Military veteran and first-time novelist Matthew Robinson did not want to presume too much when he set out to tell a war story. So his luminous The Horse Latitudes, an Oregon Book Award finalist, includes interventions and interruptions by a skeptical, fictional model for a fictional character:
“You think you’re the only one who can tell a story? I can tell my own fucking story, son. You can shove that Hicks up your ass, I’ll write it myself. And it may not be as pretty, but it will be a damn sight more honest. You don’t know shit.
Many writers will be familiar with this voice of self-doubt (and wish they could imbue theirs with the same gift for profanity as punctuation). I asked Robinson whether he also had a voice cheering him on, encouraging him to write. No, he told me, terse as Stone. Instead, he said, he has a compulsion to try to bridge the divide between the tiny population of Americans who have fought the war on terror and the rest of us, whose obliviousness can seem like cruelty.
Robinson, who served in Baghdad in 2004 during a six-year stint with the Oregon National Guard, focuses in The Horse Latitudes on one Cavalry platoon’s Iraqi deployment. He describes war as claustrophobic. There’s fear, confusion, bursts of violence. And boredom, along with lots of reading and a book burning.
The Horse Latitudes is sprinkled with scenes of domestic life among Iraqis, all the more poignant because it has been fractured by war, that must remind the soldiers of their far away homes. Well, all but Kurtzson, who does not seem to have a home outside a war he is not so much fighting as imagining. Yes, Robinson says, the name is meant to evoke Kurtz and Apocalypse Now, though not so much Heart of Darkness.
Kurtz may be the iconic American fighter of our collective, corrosive fantasies. Our knowledge of war and its impact is broadened and deepened by the other characters, including a soldiers who steals a dead comrade’s weapon and shares its parts out among the platoon members.

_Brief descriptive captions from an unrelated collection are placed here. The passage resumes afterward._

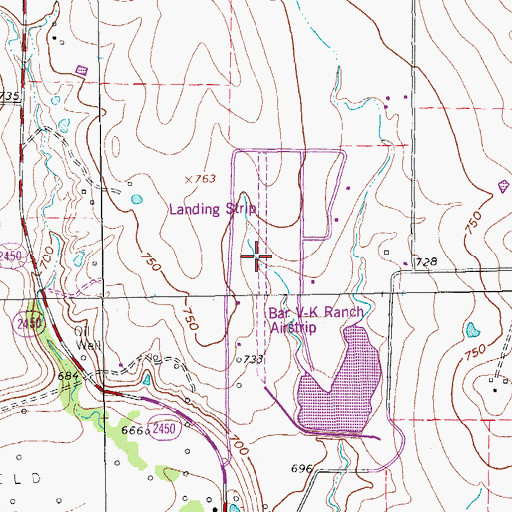 Topographic Map of Bar V K Airport, TX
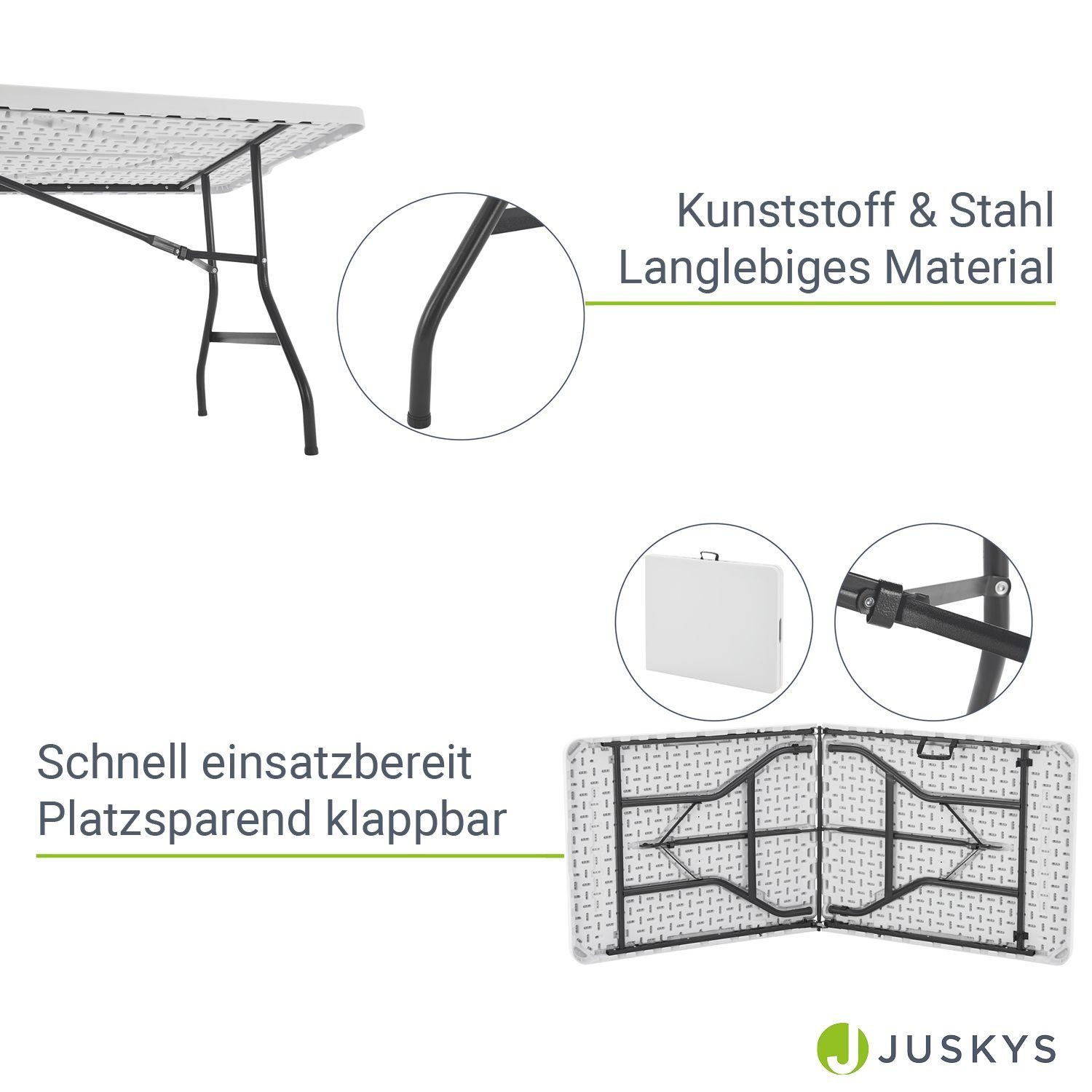 Juskys Klapptisch XL, klappbar, witterungsbeständig, leicht zu reinigen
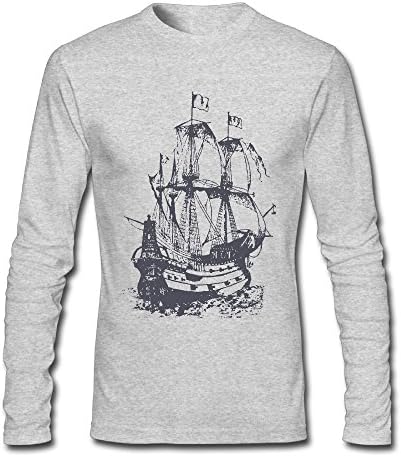 CHSMGS Men Pirate Ship Long Sleeve Tee Best Screw Neck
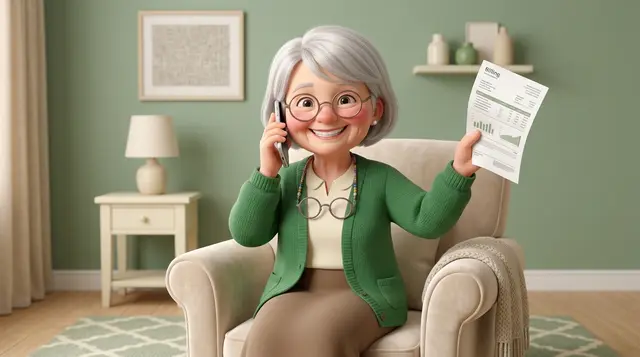 Dottie on the phone holding a bill and smiling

“I don’t need it gone, I need help carrying it,” he says of the rifle, and of so much more.
I share Robinson’s faith in the power of words to connect us and of narrative to make us whole. Perhaps other vets will, like Stone, see Robinson’s effort as a challenge to be met with their own stories. They should be inspired by his achievement, a book that glows with compassion and for that reason sheds so much light.
We're fortunate Robinson was compelled to write.